## EXERCISE DIRECTIONS:
From the line that contains "Green Parallel Pants - wforwoman" through the line that contains "Fingerling Unicorn Puzzle White", output every line of the listing below exactly and leave out all the rest.
::: SUPPLIED MATERIAL :::
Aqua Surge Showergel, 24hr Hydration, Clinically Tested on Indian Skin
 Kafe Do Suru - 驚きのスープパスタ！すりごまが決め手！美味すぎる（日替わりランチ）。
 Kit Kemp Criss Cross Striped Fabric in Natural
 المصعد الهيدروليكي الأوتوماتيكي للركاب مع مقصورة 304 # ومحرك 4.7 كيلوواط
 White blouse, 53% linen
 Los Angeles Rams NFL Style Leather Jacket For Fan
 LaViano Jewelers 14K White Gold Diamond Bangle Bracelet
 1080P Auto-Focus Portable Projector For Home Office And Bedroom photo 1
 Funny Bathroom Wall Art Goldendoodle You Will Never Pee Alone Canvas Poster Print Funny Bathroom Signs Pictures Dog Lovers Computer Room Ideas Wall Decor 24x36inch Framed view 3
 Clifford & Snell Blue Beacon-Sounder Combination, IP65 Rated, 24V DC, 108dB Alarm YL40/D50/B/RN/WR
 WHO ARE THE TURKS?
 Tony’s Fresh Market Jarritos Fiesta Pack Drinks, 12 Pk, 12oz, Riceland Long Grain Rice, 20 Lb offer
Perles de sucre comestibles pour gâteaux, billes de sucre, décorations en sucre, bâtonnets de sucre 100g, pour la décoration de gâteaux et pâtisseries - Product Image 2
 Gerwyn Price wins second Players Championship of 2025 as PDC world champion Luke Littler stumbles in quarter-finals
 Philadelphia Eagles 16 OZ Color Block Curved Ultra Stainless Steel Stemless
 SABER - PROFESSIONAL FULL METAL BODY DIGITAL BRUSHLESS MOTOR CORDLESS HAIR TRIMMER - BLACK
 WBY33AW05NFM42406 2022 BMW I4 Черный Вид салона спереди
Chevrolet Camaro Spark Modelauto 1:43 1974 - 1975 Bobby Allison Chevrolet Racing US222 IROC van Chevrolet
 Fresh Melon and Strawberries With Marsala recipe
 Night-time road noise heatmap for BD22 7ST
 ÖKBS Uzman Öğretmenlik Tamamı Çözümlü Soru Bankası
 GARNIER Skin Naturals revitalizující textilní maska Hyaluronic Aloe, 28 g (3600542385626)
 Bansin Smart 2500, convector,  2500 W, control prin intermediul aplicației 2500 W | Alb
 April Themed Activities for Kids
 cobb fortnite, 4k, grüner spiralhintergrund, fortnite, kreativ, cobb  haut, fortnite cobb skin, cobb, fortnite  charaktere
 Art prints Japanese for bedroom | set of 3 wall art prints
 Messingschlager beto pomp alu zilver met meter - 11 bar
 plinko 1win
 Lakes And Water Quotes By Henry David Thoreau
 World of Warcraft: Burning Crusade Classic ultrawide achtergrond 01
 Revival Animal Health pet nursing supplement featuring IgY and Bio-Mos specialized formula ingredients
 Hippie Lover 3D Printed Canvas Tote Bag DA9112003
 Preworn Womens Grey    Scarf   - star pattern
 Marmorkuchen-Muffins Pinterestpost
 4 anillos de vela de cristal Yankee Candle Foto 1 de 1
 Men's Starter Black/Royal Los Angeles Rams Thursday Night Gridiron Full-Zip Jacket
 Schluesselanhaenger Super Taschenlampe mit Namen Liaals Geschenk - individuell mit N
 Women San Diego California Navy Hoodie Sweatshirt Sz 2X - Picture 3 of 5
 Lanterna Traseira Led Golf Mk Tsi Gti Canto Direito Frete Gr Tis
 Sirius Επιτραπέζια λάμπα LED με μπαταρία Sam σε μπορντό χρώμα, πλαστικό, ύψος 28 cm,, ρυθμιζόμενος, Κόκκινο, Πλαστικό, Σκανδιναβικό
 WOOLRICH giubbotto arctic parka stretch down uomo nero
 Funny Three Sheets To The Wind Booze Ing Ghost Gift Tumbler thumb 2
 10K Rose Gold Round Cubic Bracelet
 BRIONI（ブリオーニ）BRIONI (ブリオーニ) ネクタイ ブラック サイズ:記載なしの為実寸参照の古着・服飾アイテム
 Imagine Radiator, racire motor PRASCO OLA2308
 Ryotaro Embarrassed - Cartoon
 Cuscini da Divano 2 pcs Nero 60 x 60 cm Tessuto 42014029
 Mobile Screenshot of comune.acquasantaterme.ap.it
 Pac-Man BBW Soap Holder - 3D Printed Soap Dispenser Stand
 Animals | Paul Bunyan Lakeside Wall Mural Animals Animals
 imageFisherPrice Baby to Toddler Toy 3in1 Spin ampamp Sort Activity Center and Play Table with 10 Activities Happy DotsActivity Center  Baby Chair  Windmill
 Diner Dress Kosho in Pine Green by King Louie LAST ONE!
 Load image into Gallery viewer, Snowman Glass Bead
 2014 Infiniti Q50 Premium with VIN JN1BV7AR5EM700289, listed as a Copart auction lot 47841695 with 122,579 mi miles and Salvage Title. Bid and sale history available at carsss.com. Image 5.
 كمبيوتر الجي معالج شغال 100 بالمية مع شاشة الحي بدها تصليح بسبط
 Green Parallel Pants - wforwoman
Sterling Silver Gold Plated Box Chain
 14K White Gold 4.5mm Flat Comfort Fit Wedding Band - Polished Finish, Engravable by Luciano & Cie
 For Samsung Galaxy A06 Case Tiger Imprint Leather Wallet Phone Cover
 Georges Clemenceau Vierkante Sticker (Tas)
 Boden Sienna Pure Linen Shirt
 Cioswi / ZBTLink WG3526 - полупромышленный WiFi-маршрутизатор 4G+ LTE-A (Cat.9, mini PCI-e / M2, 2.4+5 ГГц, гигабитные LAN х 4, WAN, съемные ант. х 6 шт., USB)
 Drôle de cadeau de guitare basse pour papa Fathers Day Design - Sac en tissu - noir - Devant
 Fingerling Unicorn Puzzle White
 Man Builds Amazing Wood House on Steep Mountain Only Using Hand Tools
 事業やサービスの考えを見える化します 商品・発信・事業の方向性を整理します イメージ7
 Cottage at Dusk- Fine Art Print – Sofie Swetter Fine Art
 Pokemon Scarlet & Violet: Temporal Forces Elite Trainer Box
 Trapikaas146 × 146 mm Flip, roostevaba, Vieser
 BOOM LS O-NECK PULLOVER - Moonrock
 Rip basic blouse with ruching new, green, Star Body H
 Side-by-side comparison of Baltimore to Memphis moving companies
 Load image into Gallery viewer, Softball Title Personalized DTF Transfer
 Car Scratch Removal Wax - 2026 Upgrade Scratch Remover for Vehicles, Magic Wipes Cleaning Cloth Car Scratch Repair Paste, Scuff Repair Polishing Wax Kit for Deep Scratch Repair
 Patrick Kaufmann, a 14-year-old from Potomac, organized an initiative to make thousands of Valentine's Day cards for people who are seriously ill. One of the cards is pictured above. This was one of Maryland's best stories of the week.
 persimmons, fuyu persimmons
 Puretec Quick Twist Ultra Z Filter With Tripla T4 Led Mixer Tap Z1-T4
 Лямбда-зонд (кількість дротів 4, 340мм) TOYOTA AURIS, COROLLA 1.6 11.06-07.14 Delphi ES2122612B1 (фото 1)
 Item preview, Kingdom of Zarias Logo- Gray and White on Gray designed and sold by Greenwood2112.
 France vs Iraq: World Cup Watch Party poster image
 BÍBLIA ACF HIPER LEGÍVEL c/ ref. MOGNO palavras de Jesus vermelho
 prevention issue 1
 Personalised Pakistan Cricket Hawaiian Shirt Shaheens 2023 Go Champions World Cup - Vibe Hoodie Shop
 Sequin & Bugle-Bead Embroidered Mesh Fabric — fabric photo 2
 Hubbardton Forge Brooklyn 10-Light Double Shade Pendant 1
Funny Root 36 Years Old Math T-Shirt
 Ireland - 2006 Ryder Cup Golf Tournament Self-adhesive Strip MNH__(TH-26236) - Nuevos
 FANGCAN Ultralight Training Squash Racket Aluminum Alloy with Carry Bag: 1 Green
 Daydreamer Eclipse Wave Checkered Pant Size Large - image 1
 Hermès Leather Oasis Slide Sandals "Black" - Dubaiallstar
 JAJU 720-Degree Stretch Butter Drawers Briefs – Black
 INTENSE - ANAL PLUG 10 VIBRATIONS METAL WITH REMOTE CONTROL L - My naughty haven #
:::
## TASK RESPONSE:
 Green Parallel Pants - wforwoman
Sterling Silver Gold Plated Box Chain
 14K White Gold 4.5mm Flat Comfort Fit Wedding Band - Polished Finish, Engravable by Luciano & Cie
 For Samsung Galaxy A06 Case Tiger Imprint Leather Wallet Phone Cover
 Georges Clemenceau Vierkante Sticker (Tas)
 Boden Sienna Pure Linen Shirt
 Cioswi / ZBTLink WG3526 - полупромышленный WiFi-маршрутизатор 4G+ LTE-A (Cat.9, mini PCI-e / M2, 2.4+5 ГГц, гигабитные LAN х 4, WAN, съемные ант. х 6 шт., USB)
 Drôle de cadeau de guitare basse pour papa Fathers Day Design - Sac en tissu - noir - Devant
 Fingerling Unicorn Puzzle White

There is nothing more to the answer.